Delusi sì ma solo dai numeri, gli agricoltori scesi dalle Marche per partecipare al Circo Massimo alla manifestazione organizzata da “Cra Agricoltori Traditi”. Si aspettavano qualcosa di eclatante, di essere almeno in 20mila, ma in piazza erano solo in 1500. Un depotenziamento che, alcuni collegano a divisioni interne, ma su cui sorvolano perché nella sostanza sono tutti soddisfatti. Niente bandiere delle associazioni di categoria, ma tanto tricolore e l’occasione di confrontarsi con agricoltori di ogni regione per constatare che qualsiasi sia le produzioni e le lavorazioni, hanno gli stessi problemi e poco importa come ognuno le declina.
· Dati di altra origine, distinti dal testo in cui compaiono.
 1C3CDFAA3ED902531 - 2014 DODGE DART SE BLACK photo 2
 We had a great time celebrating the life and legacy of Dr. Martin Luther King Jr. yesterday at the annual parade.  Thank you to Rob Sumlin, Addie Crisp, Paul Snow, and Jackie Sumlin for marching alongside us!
«Da Roma ritorno compiaciuta» conferma la fabrianese Patrizia Balducci dell’azienda agricola Gocce di Camarzano a Moscano, 200 ettari di cui 50 di proprietà con piani di coltivazioni che devono prima tener conto del girovagare dei cinghiali. «Qui è stata paragonata l’agricoltura alla libertà e non si può essere schiavo se si ha la sicurezza di avere del cibo e di non dipendere dagli altri per averlo». Con la sua sensibilità artistica, è una rinomata pittrice naif, Patrizia porta al dunque la protesta: «Dopo giorni, ci siamo accorti che non siamo soli e che la battaglia è ovunque. L’Italia è sotto attacco e in tutti i settori, in quello agricolo, artigianale, industriale, e non dobbiamo lasciare che sia l’Europa a comprarci».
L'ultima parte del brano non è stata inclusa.